Dataset that returns SNP indices for block-level pretraining.

Parameters:

bfile (str) – PLINK file prefix.
flip (bool, optional) – Whether to flip reference/alternate allele encodings.

get_individual_block_genotype(iid)

Return SNP indices for a given individual.

Parameters:: iid (str) – Individual ID.
Returns:: SNP indices for the individual.
Return type:: torch.Tensor

class BlockQueryDataset

Dataset that assembles block-level genotypes from multiple block sources.

Parameters:

tree_parser (SNPTreeParser) – Parsed SNP ontology and masks.
bfile (str) – PLINK file prefix.
blocks (dict) – Mapping of block identifiers to BlockDataset instances.
cov (str, optional) – Path to covariates TSV (optional).
pheno (str, optional) – Path to phenotype TSV (optional).
cov_mean_dict (dict, optional) – Optional covariate mean overrides.
cov_std_dict (dict, optional) – Optional covariate standard deviation overrides.
cov_ids (tuple, optional) – Subset of covariate column names to load.
pheno_ids (tuple, optional) – Subset of phenotype column names to load.
bt (tuple, optional) – Binary phenotype IDs.
qt (tuple, optional) – Quantitative phenotype IDs.
flip (bool, optional) – Whether to flip reference/alternate allele encodings.

class SNP2PCollator

Collator that assembles batched SNP2P inputs and labels.

Parameters:

tree_parser (SNPTreeParser) – Parsed SNP ontology and masks.
input_format (str, optional) – Input format (indices, embedding, or block).
pheno_ids (tuple, optional) – Phenotype IDs used for ordering labels.
mlm (bool, optional) – Whether to apply SNP masked language modeling.
mlm_collator_dict (dict, optional) – Per-block MLM collators for block input.

class ChunkSNP2PCollator

Collator that breaks SNP2P inputs into chunks for memory efficiency.

Parameters:

tree_parser (SNPTreeParser) – Parsed SNP ontology and masks.
chunker (object) – Chunker with create_chunks output.
input_format (str, optional) – Input format (indices, embedding, or block).
pheno_ids (tuple, optional) – Phenotype IDs used for ordering labels.
mlm (bool, optional) – Whether to apply SNP masked language modeling.
mlm_collator_dict (dict, optional) – Per-block MLM collators for block input.

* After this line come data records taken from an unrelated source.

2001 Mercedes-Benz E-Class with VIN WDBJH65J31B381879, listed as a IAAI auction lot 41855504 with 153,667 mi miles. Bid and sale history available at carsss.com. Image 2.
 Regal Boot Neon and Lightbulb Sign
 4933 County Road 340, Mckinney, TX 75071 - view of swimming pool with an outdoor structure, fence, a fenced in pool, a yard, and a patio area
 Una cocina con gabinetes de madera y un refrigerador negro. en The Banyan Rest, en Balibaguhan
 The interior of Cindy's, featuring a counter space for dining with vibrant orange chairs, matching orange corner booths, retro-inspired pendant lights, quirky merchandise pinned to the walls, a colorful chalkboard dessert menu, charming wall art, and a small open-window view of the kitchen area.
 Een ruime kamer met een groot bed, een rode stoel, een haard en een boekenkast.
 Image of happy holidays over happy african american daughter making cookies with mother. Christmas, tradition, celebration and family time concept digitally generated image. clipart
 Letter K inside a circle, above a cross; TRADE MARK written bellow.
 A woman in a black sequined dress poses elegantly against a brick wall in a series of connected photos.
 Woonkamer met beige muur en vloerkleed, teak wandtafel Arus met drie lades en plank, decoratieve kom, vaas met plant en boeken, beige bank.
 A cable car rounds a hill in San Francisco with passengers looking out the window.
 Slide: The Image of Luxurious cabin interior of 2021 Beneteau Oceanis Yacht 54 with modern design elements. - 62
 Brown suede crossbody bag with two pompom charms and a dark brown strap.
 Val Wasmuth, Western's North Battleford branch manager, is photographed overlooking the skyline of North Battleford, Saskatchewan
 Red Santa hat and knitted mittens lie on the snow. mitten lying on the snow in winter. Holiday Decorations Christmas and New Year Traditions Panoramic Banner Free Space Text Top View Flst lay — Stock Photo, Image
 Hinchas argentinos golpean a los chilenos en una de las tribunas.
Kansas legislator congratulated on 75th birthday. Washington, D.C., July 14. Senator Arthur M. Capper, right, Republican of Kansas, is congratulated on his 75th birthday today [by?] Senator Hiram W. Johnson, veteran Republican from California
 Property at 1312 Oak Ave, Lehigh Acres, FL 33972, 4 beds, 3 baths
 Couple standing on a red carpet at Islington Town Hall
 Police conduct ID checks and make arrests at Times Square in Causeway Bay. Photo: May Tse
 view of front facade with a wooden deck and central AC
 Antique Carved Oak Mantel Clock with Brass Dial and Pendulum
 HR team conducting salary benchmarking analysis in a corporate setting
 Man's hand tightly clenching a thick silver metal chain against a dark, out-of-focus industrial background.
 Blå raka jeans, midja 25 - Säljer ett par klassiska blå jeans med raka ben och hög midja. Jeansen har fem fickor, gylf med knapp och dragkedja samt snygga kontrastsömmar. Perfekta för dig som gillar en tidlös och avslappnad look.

class DynamicPhenotypeBatchSampler

Batch sampler that randomly samples phenotypes per batch.

Parameters:

dataset (Dataset) – Dataset supporting sample_phenotypes and phenotype ranges.
batch_size (int) – Batch size.
drop_last (bool, optional) – Whether to drop the last incomplete batch.

class CohortSampler

Weighted sampler for continuous phenotypes using skew-normal weights.

Parameters:

dataset (Dataset) – Dataset containing cov_df.
n_samples (int, optional) – Optional number of samples to draw.
phenotype_col (str, optional) – Column name for the phenotype.
z_weight (float, optional) – Weight multiplier for skew-normal density.
sex_col (int or str, optional) – Column name or index for the sex covariate.

class BinaryCohortSampler

Weighted sampler for binary phenotypes.

Parameters:

dataset (Dataset) – Dataset containing cov_df.
phenotype_col (str, optional) – Column name for the phenotype.

class DistributedCohortSampler

Distributed version of CohortSampler.

Parameters:

dataset (Dataset) – Dataset containing cov_df.
num_replicas (int, optional) – Number of distributed replicas.
rank (int, optional) – Rank of the current replica.
shuffle (bool, optional) – Whether to shuffle indices.
seed (int, optional) – Random seed.
phenotype_col (str, optional) – Column name for the phenotype.
z_weight (float, optional) – Weight multiplier for skew-normal density.
sex_col (int or str, optional) – Column name or index for the sex covariate.

class DistributedBinaryCohortSampler

Distributed version of BinaryCohortSampler.

Parameters:

dataset (Dataset) – Dataset containing cov_df.
num_replicas (int, optional) – Number of distributed replicas.
rank (int, optional) – Rank of the current replica.
shuffle (bool, optional) – Whether to shuffle indices.
seed (int, optional) – Random seed.
phenotype_col (str, optional) – Column name for the phenotype.